◆ **What is being asked**:
Take the line containing "Kalcijev D-glukarat - 500mg" and every line after it to the end of the material below; reproduce them exactly, without pictures.

◆ **Data provided**:
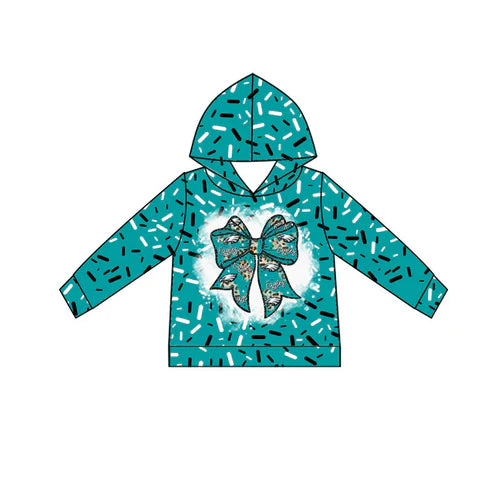 10.29  Custom Moq 8 Baby Kids Green Sprinkles Drip Eagles Bows Team Hoodies Tops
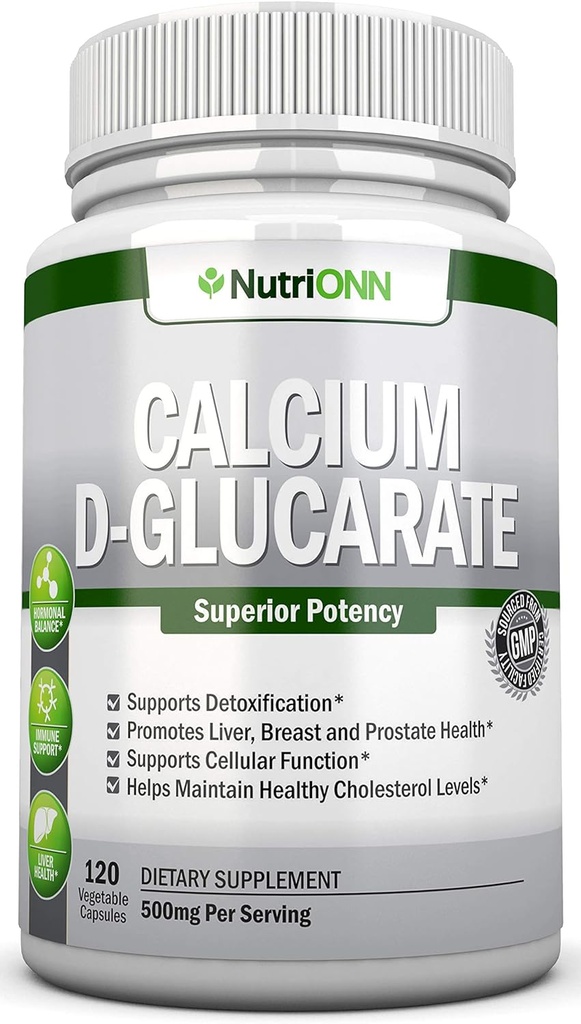 Kalcijev D-glukarat - 500mg - 120 rastlinskih kapsul - superior moč za podporo procesu čiščenja, estrogen Presnova in hormonsko ravnovesje - pomaga z prostato, prsi in Colon zdravje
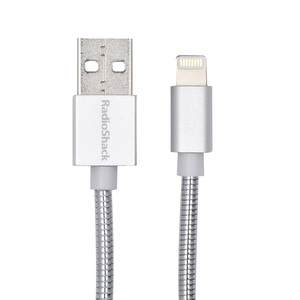 Cable USB a Lightning RadioShack / MFi / 90 cm / Metal / Plata Cable USB a Lightning RadioShack / MFi / 90 cm / Metal / Plata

◆ **Completed exercise**:
 Kalcijev D-glukarat - 500mg - 120 rastlinskih kapsul - superior moč za podporo procesu čiščenja, estrogen Presnova in hormonsko ravnovesje - pomaga z prostato, prsi in Colon zdravje
 Cable USB a Lightning RadioShack / MFi / 90 cm / Metal / Plata Cable USB a Lightning RadioShack / MFi / 90 cm / Metal / Plata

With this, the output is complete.